When we discover that we have been wrong, we say that we were under an illusion, and when we no longer believe in something, we say that we are disillusioned. More generally, analogies to vision are ubiquitous in the way we think about knowledge and error. People who possess the truth are perceptive, insightful, observant., illuminated, enlightened, and visionary; by contrast, the ignorant are in the dark. When we comprehend something, we say I see. And we say, too, that the scales have fallen from our eyes; that once we were blind, but now we see.

This link between seeing and knowing is not just metaphorical. For the most part, we accept as true anything that we see with our own eyes, or reg­ister with any of our other senses. We take it on faith that blue is blue, that hot is hot, that we are seeing a palm tree sway in the breeze because there is a breeze blowing and a palm tree growing. 

We are all prone to regarding the ideas in our own heads as direct reflections of reality, and this particularly true in the domain of perception. Heat, palm trees, blueness, breeziness: we take these to be attributes of the world that our senses simply and passively absorb.

For a different example of the utility of interpretation, consider your blind spot—the literal one, I mean. The blind spot is that part of the eye where the optic nerve passes through the retina, preventing any visual pro­cessing from taking place. If perception were just unembellished sensation, we would experience a chronic lacuna where this nerve interrupts our visual field. Buv we do not, because our brain automatically corrects the problem through a process known as coherencing.  

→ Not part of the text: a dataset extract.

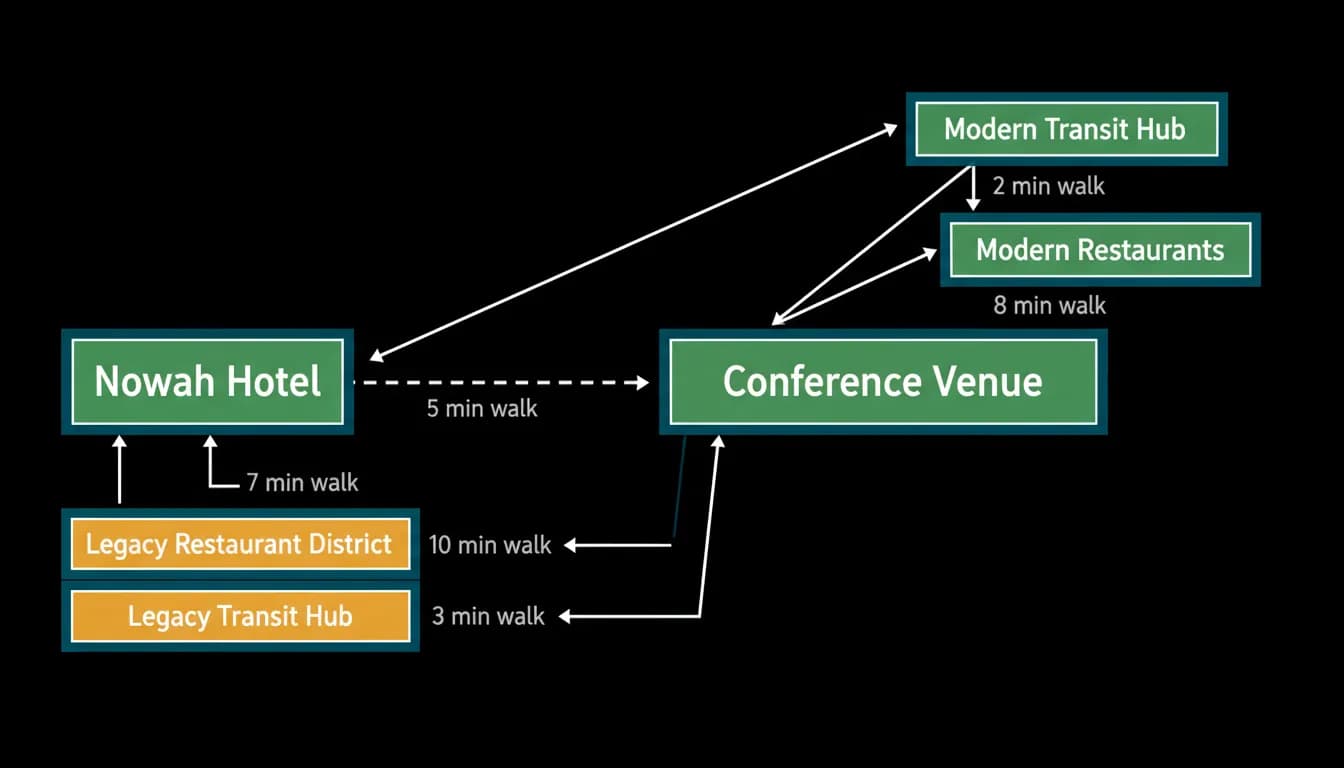 Hotel location mapped against venue, transit and restaurants with walking times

No matter what these processes do, though, one thing remains the same: we have no idea that they are doing it. The mechanisms that form our perceptions operate almost entirely below the level of conscious aware­ness; ironically, we cannot sense how we sense. And here another bit of meta-wrongness arises. Because we can’t perceive these processes in action, and thereby take note of the places where error could enter the picture, we feel that we cannot be wrong. Or, more precisely, we cannot feel that we could be wrong. Our obliviousness to the act of interpretation leaves us insensitive—literally—to the possibility of error.